Ratatouille -bake-with-feta

You know how they say the journey of a thousand miles begins with a single step?  Well, I’m more of a subscriber to the theory that the journey of a thousand miles begins with a wonky fan belt, half a tank of fuel and a cell phone battery that’s about to die.

“They” also say that necessity is the mother of invention.  Well, I say that necessity pales into insignificance next to the prospect of going away for two weeks and having to find creative ways of cooking for one that will run down your stocks of perishables to nil or nearly nil.  Then I’ll show you invention!

Yes, it’s true:  Mr Cooksister himself Nick is already in Chicago on business, hence the cooking for one.  And this Saturday I will be joining him for two blissful weeks.

No work!  An apartment with a lake view!  A new city to explore!  New friends to meet!  Old friends to visit!  Life is sweet.

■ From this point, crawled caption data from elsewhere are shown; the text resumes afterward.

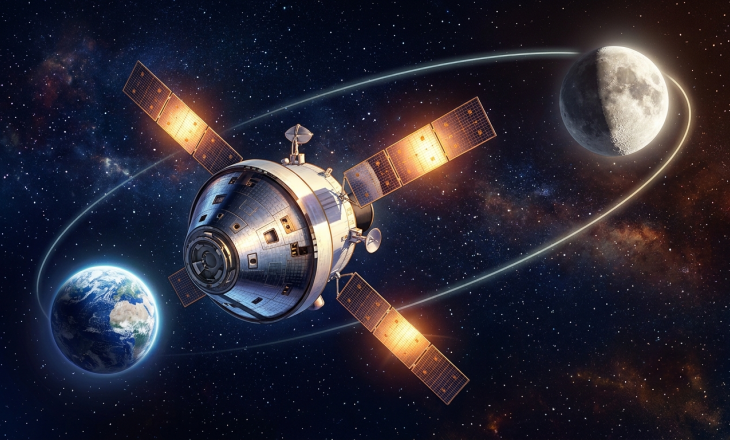 406 764 kilometry od Ziemi - rekordowy dystans misji Artemis II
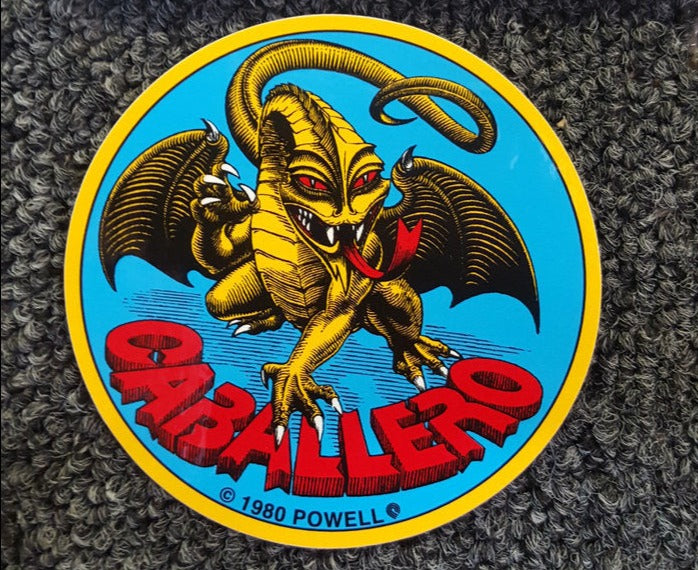 Powell Peralta Steve Caballero sticker – SK8supply.com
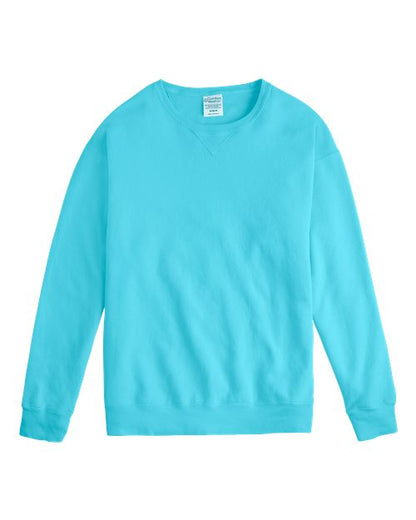 Garment-Dyed Crewneck Sweatshirt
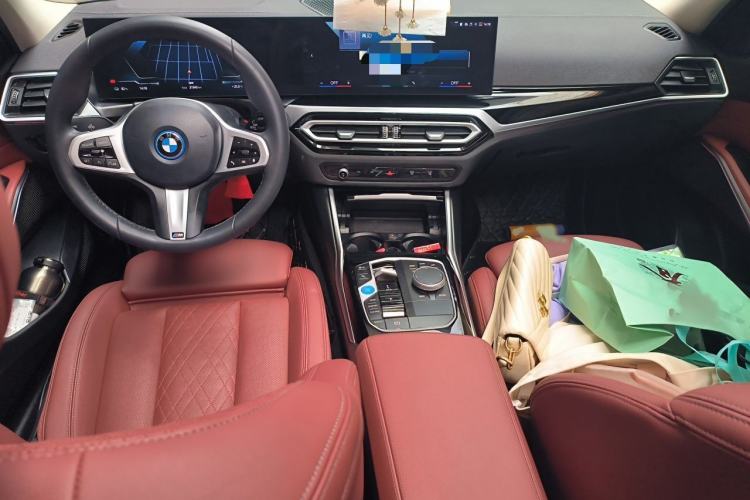 Used BMW i3 2024 eDrive 35 L Interior 2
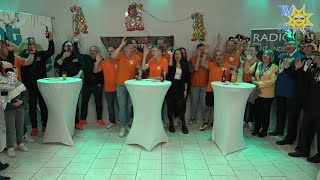 Karnevalsbeginn auf Radio Sunshine am 11Nov 2024 mit Lot dech Jue und viele Künstler live [upl. by Nylrebma926]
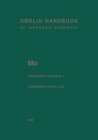 Buchcover Mo Molybdenum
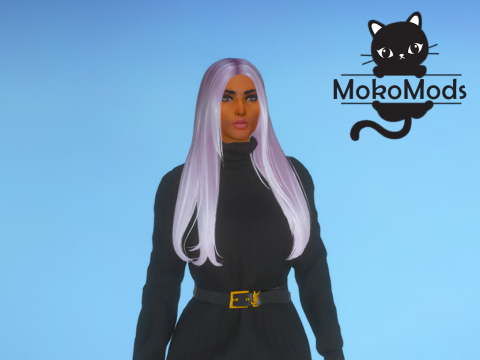 Long ombre hairstyle for MP Female 1.0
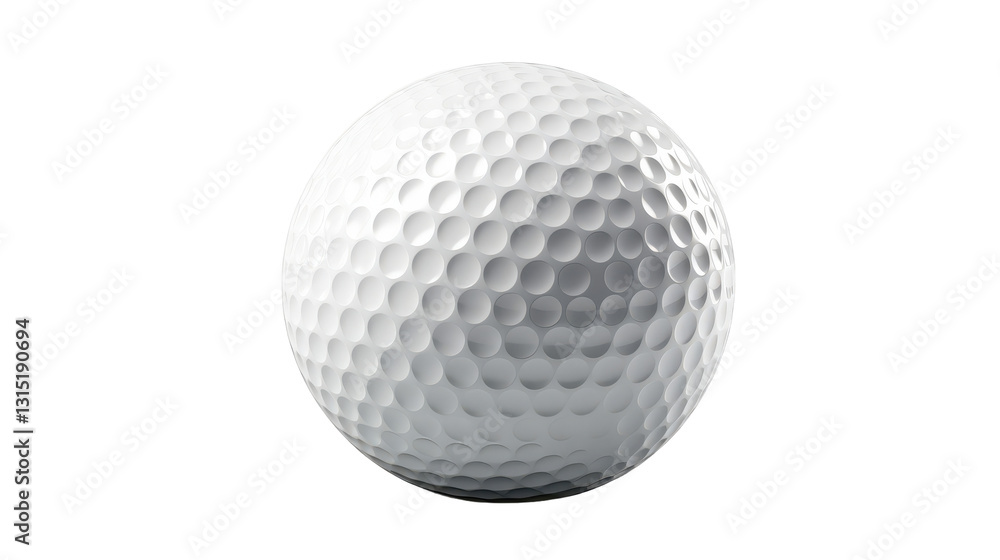 3D Golf Isolated on Transparent Background, PNG 3D Golf Isolated on Transparent Background, PNG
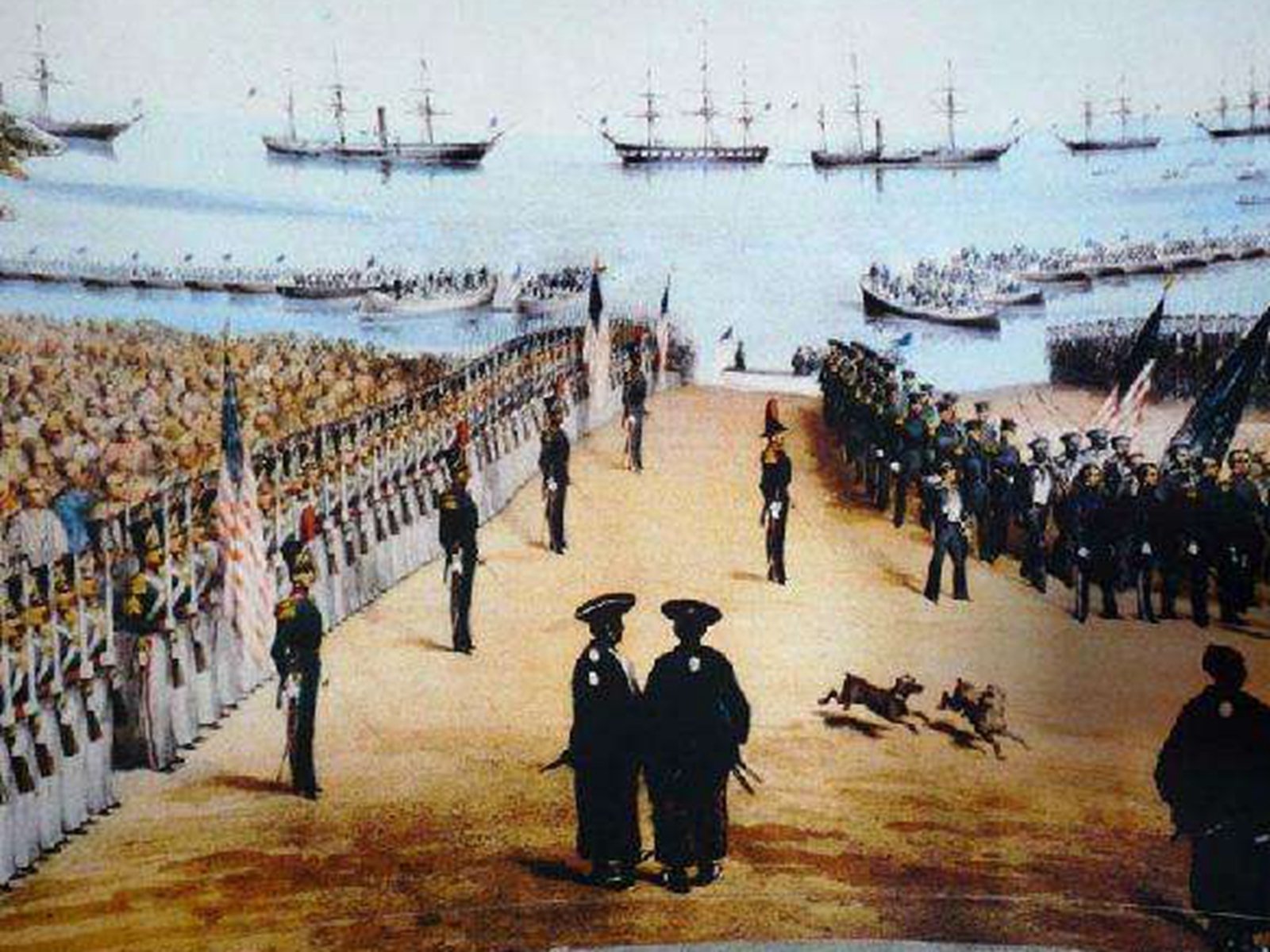 甲午中日战争与瓜分中国狂潮地图,速记甲午中日战争和瓜分中国狂潮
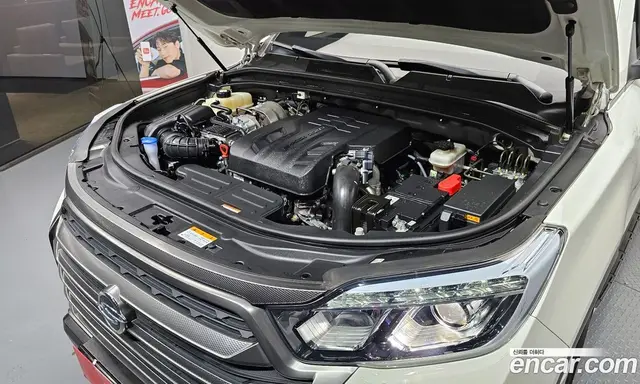 SsangYong Rexton 2023 2.2 автомат (гидро), миниатюра 6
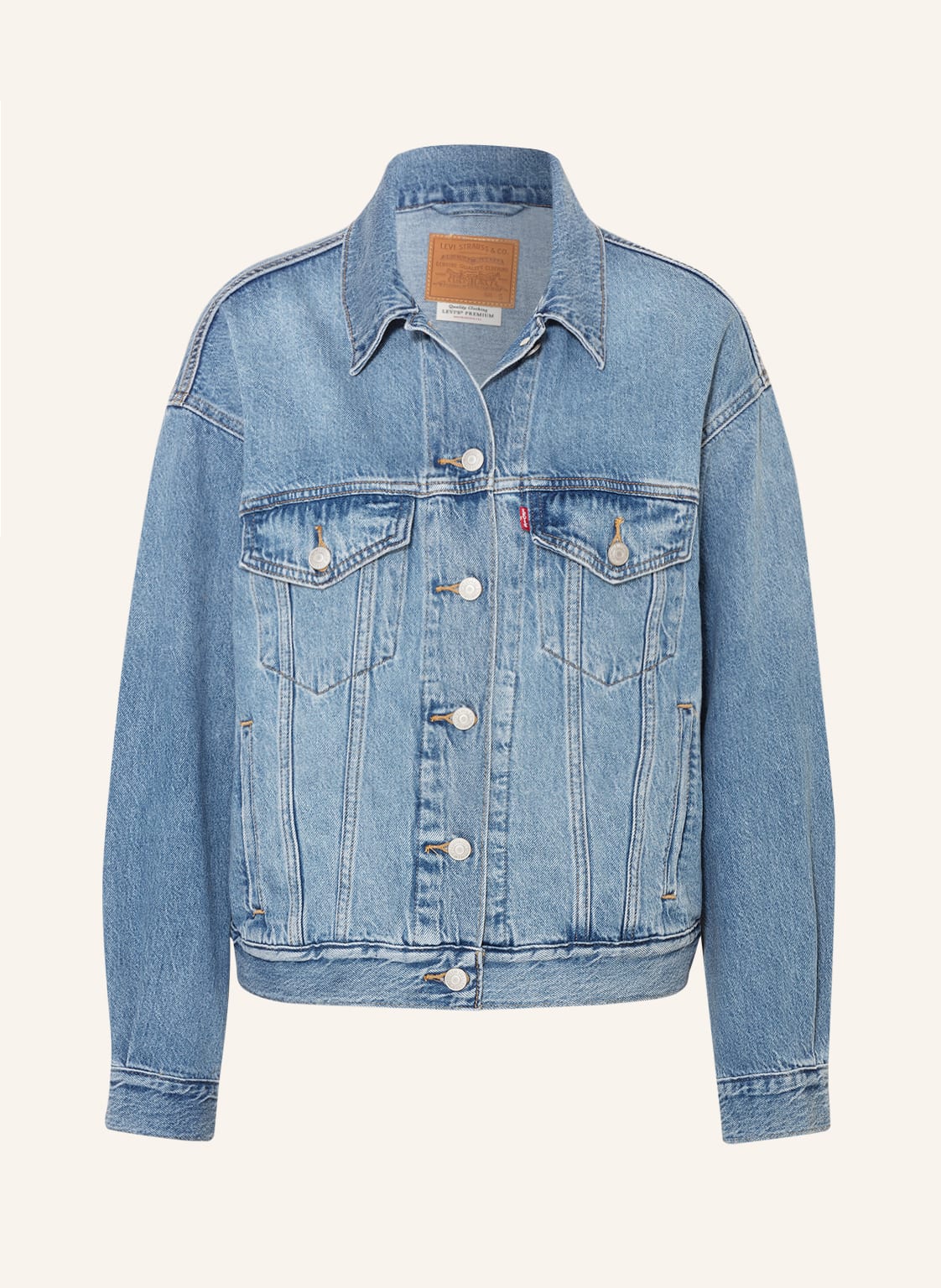 Levi's® Jeansjacke 90s Trucker blau von Levis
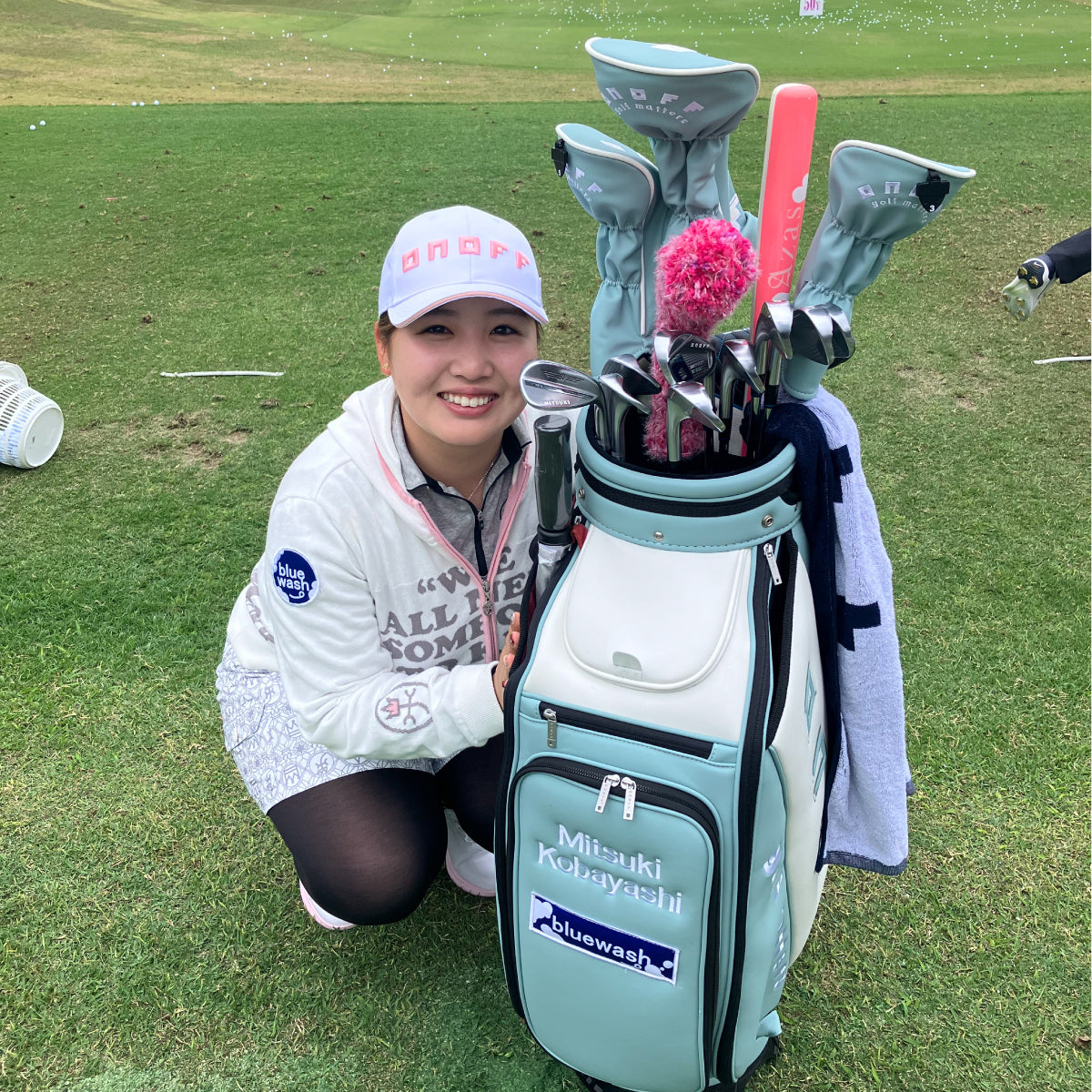 【数量限定】Caddie Bag OB0925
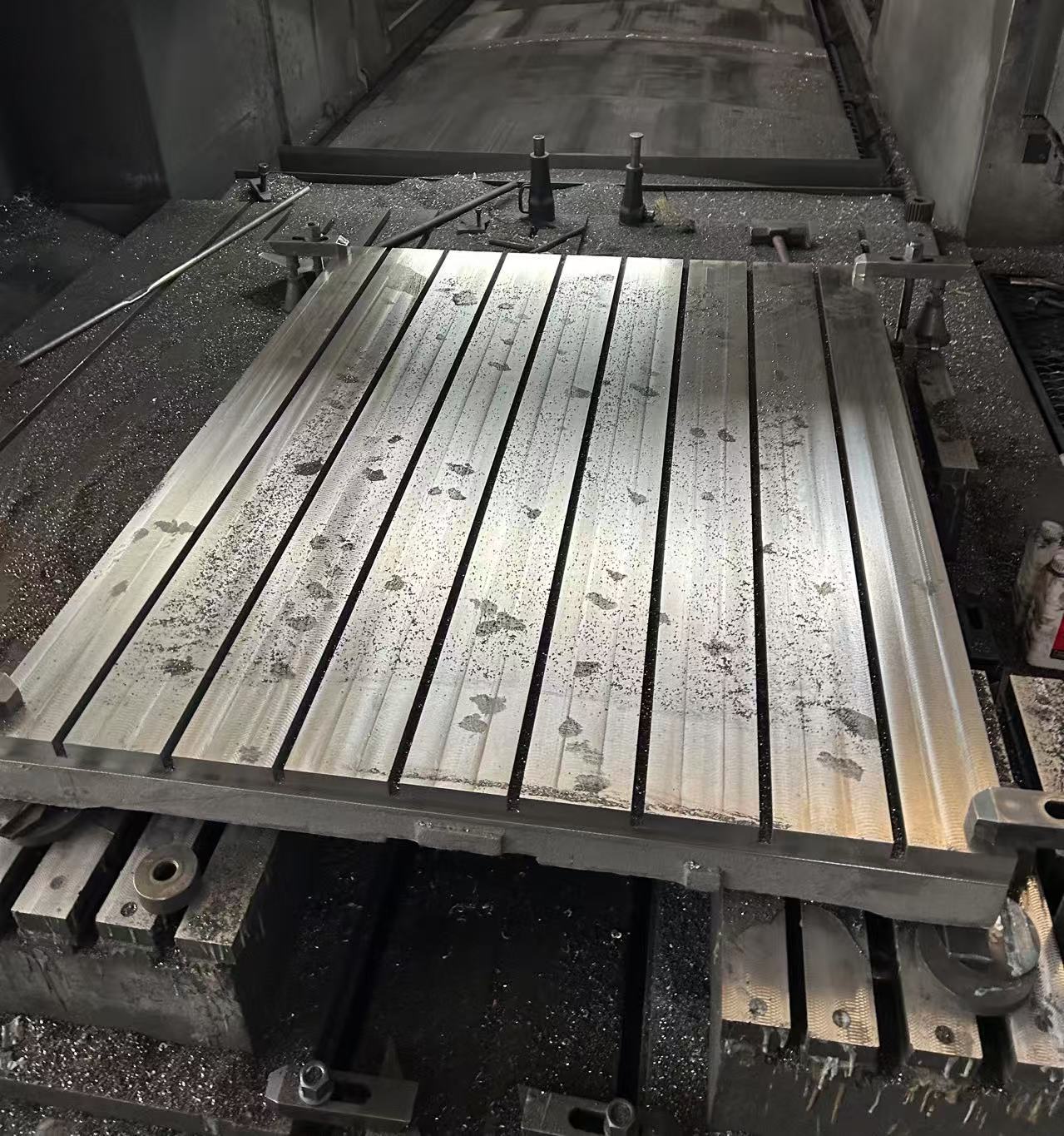 cast iron surface plate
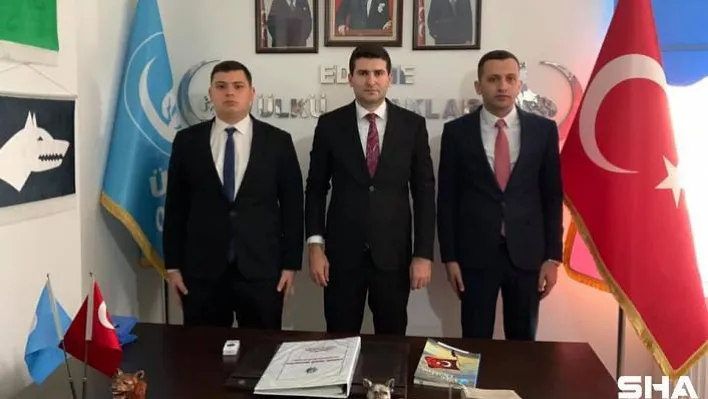 Ufuk Çapkur, Ülkü Ocakları Edirne İl Başkanlığı'na atandı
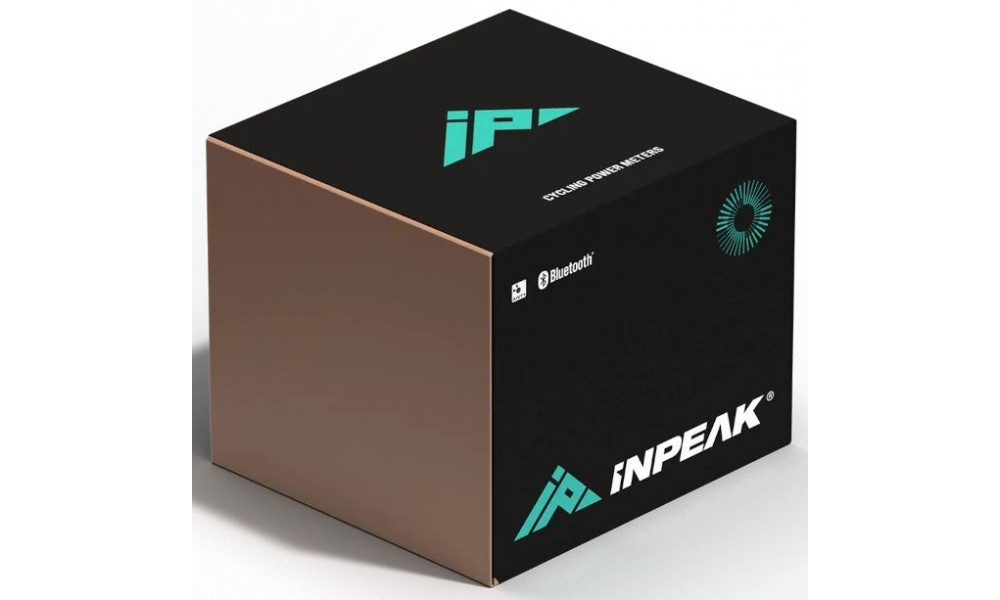 Kampisarja tehomittarilla INPEAK Twin2 Shimano Dura-Ace FC-R9200 52-36T - 4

But before we get to the boarding gates, I need to get rid of the bits and pieces lurking in my fridge.  Anything that can’t be frozen had better get eaten, so Monday night I killed two birds with one stone and made Nigel Slater’s wonderful sauteed chicken with fennel, cream and spices, polishing off a bulb of fennel and the last of the double cream in one fell swoop.  Result! I had bought a block of Sainsbury’s organic Greek feta to sprinkle on salads all of this week, but the block I got was way too tangy for my liking. (And while we’re on the topic, what’s up with this country’s supermarkets only selling bloody vac packed feta?  In South Africa the chiller cabinets are lined with tubs of feta in brine that lasts much longer in the fridge… but not here.  What gives?).  So after one salad on Monday it got shunted to the back of the fridge in disgrace.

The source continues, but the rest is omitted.